Sonicare really delivers more brushing efficiency, than a regular toothbrush, while Quip’s vibration is only good to massage your hand, while you brush with it in a way you would to with a regular brush.
I know for a fact that I can use Sonicare to effectively clean any buildup that ends up on my teeth at the end of the day: whether it’s tea or wine or just build-up from food. With my “price bloated” Philips I can feel the smoothness of the teeth surface after cleaning. It just obviously works.
Quip on the other hand makes a huge effort to compare itself to the old fashioned electric brushes, but it’s nothing more than emotional marketing. After brushing with Quip while following their teeth cleaning instructions provided in a brochure that comes with the brush, my teeth felt exactly the same as if I was using a regular soft brush (i.e. not even close as clean as compared to Sonicare).
Here is a quote from the brochure, that comes with the Quip brush:
Vibrating bristles … without the ‘Ultra-Power’ or ‘Whitening’ modes that don’t increase effectiveness, but do cost
Obviously, this catchy wording’s goal it to convince you, that Quip’s vibration is good enough. And the only reason the big companies add more vibration is to rip you off your money. But that is just a manipulation. It can only convince those, who never used vibrating (ultrasonic) electric brushes before.

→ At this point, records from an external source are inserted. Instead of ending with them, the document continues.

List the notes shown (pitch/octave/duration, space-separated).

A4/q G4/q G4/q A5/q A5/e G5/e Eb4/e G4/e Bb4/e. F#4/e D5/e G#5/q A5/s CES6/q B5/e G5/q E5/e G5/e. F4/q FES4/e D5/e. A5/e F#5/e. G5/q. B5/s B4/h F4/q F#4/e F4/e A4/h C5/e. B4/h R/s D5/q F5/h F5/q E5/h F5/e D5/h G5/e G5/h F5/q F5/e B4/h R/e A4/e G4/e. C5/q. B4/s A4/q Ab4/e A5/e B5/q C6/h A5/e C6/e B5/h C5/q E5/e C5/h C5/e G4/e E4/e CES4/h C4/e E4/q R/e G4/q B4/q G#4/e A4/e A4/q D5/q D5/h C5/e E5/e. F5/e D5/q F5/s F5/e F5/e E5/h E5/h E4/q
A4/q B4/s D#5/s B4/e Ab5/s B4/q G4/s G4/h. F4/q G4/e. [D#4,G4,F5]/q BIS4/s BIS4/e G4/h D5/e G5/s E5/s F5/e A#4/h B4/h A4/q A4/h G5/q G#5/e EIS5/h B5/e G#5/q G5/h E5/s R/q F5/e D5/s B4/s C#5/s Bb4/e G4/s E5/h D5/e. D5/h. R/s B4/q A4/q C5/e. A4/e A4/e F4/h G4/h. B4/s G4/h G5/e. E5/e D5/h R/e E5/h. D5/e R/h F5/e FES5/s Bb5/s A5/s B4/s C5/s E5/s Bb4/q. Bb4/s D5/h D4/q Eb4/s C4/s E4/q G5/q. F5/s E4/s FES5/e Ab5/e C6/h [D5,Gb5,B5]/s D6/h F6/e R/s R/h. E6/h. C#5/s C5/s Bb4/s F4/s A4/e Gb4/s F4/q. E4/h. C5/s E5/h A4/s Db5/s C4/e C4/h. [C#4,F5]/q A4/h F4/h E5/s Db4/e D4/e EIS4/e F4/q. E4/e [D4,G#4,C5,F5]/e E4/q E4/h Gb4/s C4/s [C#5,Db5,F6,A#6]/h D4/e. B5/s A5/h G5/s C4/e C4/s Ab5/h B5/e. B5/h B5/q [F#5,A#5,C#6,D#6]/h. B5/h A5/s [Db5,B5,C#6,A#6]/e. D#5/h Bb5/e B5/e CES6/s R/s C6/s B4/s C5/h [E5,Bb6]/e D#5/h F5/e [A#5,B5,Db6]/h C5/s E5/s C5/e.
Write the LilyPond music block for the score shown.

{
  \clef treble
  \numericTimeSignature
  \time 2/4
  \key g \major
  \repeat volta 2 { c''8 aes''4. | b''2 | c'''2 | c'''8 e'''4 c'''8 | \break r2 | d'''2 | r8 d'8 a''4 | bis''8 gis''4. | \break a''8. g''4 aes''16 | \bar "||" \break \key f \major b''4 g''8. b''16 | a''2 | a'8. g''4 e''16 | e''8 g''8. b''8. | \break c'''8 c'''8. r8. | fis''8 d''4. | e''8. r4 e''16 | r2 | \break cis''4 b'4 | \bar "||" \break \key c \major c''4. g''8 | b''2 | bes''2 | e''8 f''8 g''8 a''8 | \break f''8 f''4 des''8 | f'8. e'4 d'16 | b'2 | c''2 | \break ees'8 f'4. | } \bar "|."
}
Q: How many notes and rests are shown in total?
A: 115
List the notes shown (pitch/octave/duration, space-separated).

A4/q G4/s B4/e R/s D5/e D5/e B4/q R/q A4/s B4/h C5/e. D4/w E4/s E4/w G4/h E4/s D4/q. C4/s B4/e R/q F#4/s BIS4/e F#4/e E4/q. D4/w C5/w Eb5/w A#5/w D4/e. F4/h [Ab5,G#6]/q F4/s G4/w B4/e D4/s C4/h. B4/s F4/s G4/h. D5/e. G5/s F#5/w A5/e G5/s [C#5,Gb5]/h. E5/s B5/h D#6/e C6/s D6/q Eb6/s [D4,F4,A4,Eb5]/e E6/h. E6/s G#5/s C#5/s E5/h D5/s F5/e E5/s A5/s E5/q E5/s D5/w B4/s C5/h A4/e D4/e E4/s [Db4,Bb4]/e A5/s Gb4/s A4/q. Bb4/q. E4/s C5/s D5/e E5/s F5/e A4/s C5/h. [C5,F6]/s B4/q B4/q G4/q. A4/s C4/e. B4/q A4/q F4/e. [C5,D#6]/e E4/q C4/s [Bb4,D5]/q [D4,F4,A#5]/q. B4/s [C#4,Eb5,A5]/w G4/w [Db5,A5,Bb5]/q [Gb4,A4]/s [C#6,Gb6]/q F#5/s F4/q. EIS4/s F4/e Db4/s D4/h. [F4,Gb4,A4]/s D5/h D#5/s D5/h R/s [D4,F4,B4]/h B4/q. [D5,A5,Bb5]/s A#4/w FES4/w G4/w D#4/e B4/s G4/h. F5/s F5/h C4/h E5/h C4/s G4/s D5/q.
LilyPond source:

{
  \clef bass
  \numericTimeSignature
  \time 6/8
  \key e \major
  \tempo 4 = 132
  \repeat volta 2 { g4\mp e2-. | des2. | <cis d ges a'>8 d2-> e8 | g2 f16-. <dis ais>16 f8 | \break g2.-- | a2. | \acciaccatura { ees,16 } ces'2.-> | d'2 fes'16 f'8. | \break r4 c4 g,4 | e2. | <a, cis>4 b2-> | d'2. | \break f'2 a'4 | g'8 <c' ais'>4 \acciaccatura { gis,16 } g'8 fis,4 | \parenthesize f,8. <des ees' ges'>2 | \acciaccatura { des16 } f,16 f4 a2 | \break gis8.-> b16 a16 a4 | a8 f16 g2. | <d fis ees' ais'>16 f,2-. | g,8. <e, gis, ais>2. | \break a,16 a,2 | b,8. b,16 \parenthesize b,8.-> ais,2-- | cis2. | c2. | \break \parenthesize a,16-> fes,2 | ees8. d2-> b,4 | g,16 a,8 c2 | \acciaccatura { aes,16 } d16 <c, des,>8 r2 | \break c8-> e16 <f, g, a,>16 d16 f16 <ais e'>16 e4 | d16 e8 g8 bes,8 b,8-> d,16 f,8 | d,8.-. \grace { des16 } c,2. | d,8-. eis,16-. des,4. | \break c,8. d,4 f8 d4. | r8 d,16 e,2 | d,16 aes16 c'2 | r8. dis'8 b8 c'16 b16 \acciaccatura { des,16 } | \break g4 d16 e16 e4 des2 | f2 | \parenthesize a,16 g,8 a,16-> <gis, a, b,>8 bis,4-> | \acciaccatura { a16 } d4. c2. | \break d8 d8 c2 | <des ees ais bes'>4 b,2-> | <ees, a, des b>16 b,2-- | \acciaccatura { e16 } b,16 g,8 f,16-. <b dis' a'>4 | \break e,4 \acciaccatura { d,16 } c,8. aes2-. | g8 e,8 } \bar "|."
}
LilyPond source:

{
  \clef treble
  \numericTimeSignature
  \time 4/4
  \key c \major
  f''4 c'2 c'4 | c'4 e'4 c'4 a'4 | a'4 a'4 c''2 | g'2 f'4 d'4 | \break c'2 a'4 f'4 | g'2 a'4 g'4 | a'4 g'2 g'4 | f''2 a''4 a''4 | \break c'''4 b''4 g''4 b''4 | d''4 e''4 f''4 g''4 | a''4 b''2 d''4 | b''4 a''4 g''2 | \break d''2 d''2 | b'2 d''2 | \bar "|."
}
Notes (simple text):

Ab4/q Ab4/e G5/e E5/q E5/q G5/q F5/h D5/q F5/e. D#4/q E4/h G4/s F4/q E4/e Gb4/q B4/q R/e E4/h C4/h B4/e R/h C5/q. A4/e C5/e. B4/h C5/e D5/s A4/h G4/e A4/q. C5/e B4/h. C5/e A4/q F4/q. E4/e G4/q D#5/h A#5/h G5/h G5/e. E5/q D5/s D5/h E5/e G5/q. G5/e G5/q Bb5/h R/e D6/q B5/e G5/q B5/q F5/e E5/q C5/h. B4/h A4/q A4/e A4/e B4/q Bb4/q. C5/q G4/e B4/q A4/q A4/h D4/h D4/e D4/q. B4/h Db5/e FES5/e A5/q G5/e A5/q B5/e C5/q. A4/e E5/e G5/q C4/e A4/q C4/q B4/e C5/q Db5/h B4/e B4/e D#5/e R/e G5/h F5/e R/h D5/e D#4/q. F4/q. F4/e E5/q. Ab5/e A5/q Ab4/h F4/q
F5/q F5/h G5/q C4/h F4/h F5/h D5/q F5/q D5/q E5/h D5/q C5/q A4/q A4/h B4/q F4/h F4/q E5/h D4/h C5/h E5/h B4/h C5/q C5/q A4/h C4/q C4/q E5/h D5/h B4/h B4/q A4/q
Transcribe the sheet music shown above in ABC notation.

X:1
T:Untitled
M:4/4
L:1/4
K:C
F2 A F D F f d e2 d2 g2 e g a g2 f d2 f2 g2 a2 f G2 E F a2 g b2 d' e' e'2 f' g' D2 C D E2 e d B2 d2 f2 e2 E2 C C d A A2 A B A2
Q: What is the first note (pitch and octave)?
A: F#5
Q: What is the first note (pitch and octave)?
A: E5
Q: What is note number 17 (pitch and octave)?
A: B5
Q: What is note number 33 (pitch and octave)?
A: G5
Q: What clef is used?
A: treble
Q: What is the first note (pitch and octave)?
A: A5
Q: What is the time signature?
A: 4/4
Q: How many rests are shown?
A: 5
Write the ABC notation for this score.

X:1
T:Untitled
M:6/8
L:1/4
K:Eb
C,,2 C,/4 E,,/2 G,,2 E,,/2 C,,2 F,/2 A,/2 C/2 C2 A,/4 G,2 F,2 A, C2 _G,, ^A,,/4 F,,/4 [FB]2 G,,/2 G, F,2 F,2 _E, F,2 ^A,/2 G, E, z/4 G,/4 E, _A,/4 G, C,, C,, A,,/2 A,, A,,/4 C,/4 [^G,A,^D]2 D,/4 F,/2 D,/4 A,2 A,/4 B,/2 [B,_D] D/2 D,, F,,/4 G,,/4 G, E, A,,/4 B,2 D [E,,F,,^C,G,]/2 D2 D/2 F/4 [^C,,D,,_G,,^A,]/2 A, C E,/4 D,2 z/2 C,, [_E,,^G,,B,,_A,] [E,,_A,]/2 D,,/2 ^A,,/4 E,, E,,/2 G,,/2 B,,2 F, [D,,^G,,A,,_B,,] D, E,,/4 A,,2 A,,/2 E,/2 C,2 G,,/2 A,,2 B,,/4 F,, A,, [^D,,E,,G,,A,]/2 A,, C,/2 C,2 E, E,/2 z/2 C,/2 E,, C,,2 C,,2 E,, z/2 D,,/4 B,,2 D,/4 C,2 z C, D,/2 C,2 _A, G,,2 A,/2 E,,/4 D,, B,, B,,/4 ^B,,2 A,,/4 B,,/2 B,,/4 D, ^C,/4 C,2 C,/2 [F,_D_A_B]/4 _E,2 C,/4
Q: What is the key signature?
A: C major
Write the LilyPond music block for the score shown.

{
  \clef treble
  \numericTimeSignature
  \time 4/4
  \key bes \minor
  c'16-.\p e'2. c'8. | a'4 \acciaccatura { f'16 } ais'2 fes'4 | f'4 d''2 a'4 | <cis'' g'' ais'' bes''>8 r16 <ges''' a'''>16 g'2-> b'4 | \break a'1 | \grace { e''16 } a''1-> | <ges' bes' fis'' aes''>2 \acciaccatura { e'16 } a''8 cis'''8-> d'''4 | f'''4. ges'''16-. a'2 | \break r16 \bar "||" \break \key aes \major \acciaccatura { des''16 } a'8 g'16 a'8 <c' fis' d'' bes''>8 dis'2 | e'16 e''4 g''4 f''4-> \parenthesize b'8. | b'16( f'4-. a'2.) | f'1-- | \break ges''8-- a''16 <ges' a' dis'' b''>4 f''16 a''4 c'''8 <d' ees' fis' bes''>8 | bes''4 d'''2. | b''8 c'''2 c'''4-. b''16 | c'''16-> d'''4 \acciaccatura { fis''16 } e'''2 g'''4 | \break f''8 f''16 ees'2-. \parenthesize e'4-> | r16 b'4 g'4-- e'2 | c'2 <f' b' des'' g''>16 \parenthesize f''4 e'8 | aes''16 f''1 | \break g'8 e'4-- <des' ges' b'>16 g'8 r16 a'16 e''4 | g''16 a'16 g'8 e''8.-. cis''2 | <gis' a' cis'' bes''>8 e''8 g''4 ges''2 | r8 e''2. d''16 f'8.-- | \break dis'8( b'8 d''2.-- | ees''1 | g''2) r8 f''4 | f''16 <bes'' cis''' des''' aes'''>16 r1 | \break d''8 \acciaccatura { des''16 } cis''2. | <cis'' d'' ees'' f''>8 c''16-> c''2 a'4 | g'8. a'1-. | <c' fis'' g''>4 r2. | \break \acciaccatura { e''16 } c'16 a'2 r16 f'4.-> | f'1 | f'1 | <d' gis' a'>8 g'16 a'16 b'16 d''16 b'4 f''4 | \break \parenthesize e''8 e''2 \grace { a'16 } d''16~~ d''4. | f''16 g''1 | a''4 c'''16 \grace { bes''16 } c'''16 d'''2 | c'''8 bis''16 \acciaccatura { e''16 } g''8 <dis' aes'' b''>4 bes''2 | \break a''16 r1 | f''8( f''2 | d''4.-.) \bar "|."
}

If like me you had a vibrating brush from a big brand before, you will definitely be disappointed with I quote “sensitive vibration” that Quip delivers.
Now on the price part. With all the aforesaid on the efficiency of the “electric” part of Quip, this brush costs $45 with $5 per refill every 3 month. Regular soft brushes cost starts from $5 for 6-pack on Amazon, and you can find better deals.
Even if you throw away your regular brush every month that adds up to $10 per year, compared to $65 per year with Quip.
You should decide for yourself whether you want to fork off additional $55 for the suction cup, fancy look, a timer that tells you how long to brush and buzzing, that will entertain you while you use your otherwise regular $45-priced brush.
Heads replacement price is not that cheap too. Replacement heads for Philips can be expensive, up to $50 for 6-pack. However in Costco I can usually get them for $40, which brings the cost down to $6.60 per replacement head. Not that much of a “bloating” as compared to $5 Quip’s refill, provided that Sonicare does deliver something more to your teeth, than just sensitive humming.
But I should say compliments to Quip’s brush design, their nice site, great marketing campaign, logistics organization (I received my brush quickly) and a 30-days return policy.